Da un lato, il più classico dei ‘rapporti di forza’. Qualcuno ha il potere di agire su di te sull’onda emotiva e sul fraintendimento (l’architettura del pensiero umano è spesso più complessa di 140 caratteri). Dall’altro, la dipendenza dalle logiche della comunicazione istantanea. Twitter e Facebook sono scivolosissimi e hanno le loro crudelissime regole. Sono uno spazio considerato privato che in realtà è la più grande ‘tribuna politica’ della storia dell’umanità. Ogni gesto deve essere non immediato, non onesto, pensato, riflettuto, meditato.

Questo ci rende meno ‘onesti’? Credo di no, ma è indubbio che quando Claudia scrive: «[…] ho perso qualcosa» esprime il rammarico di chi non si sente più libero di scrivere un pensiero senza la possibilità di argomentare. E il segnale di resa è dire che si tratti di un gioco. Questo non è un gioco, ma un campo completamente nuovo, che tutti stiamo usando secondo le nostre personali sensibilità empiriche. Perché nel giardino dei social media vincono comunque le logiche della tribù, non ancora quelle della comunità. E se il tuo capo-tribù abusa del suo potere – soprattutto quando la tua opinione non è nemmeno vincolata all’opinione del corpo complessivo cui fai riferimento (nessuno qui viene pagato a sufficienza per essere diretta emanazione di un giornale o di qualcos’altro, a meno che non ci sia un contratto che lo dice) – non è un problema tuo, che hai perso qualcosa, ma è un problema suo.

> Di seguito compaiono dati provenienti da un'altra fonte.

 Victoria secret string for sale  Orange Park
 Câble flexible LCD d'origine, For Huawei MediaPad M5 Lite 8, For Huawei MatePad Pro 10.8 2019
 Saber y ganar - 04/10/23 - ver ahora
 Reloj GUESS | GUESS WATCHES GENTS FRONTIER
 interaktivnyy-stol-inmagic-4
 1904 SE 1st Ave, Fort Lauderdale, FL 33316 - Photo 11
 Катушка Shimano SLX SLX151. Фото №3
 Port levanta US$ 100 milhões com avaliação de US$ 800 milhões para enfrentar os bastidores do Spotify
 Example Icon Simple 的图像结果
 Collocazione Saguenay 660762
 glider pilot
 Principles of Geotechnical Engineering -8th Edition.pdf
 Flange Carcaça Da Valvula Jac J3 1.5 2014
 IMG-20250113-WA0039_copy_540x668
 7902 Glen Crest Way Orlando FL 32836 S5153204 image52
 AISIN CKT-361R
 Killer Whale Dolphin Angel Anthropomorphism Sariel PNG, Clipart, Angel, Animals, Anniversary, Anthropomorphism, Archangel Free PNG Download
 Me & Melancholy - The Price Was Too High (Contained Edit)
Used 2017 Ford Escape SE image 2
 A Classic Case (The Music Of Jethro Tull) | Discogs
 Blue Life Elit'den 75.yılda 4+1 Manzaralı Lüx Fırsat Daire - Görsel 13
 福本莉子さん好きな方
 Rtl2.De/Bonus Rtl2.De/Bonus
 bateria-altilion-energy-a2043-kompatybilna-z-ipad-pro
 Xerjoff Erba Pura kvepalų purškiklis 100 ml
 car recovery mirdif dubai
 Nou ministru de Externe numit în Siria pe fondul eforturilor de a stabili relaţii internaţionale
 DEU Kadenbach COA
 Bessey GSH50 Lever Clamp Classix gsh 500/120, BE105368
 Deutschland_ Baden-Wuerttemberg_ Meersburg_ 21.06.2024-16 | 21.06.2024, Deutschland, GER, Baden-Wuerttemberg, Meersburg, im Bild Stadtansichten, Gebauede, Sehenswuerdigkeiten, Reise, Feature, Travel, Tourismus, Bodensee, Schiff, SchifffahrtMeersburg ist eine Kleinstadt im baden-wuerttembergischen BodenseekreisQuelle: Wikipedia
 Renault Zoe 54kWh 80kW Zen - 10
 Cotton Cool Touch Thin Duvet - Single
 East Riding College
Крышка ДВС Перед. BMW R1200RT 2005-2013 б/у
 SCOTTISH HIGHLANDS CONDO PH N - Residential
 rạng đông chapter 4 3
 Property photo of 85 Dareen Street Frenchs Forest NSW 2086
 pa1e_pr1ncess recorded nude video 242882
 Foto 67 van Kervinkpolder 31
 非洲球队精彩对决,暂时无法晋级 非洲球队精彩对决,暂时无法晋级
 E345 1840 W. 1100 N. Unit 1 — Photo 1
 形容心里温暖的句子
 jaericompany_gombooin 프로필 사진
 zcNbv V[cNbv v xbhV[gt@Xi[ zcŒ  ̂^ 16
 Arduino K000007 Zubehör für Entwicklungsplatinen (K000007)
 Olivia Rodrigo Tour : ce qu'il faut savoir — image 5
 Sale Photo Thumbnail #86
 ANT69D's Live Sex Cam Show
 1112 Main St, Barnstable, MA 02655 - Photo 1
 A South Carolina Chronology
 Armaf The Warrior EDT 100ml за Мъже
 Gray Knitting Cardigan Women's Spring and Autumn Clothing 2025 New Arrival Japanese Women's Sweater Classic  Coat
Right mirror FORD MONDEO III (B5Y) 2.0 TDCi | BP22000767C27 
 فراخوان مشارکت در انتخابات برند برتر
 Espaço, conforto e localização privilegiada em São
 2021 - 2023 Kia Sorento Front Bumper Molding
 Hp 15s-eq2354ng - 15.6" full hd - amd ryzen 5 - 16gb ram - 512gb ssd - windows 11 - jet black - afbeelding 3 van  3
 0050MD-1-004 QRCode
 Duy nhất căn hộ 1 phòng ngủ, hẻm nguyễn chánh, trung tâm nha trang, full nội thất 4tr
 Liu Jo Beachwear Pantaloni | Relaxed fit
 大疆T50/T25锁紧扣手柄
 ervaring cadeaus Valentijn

La «responsabilità» delle nostre parole sono questo. Claudia scrivendo quel Tweet non pensava di fare un atto politico, ma ne ha subito le conseguenze. Tutti noi, quando scriviamo un Tweet o uno status su Facebook compiamo un atto politico di cui siamo ‘proprietari’ (se non altro morali). La logica della conseguenza, invece, è ancora tutta da verificare in un paese e in un ecosistema in cui la libertà/responsabilità di parola, critica e di espressione effettivamente la accettiamo solo quando non fa altro che accettare il sistema per quello che è.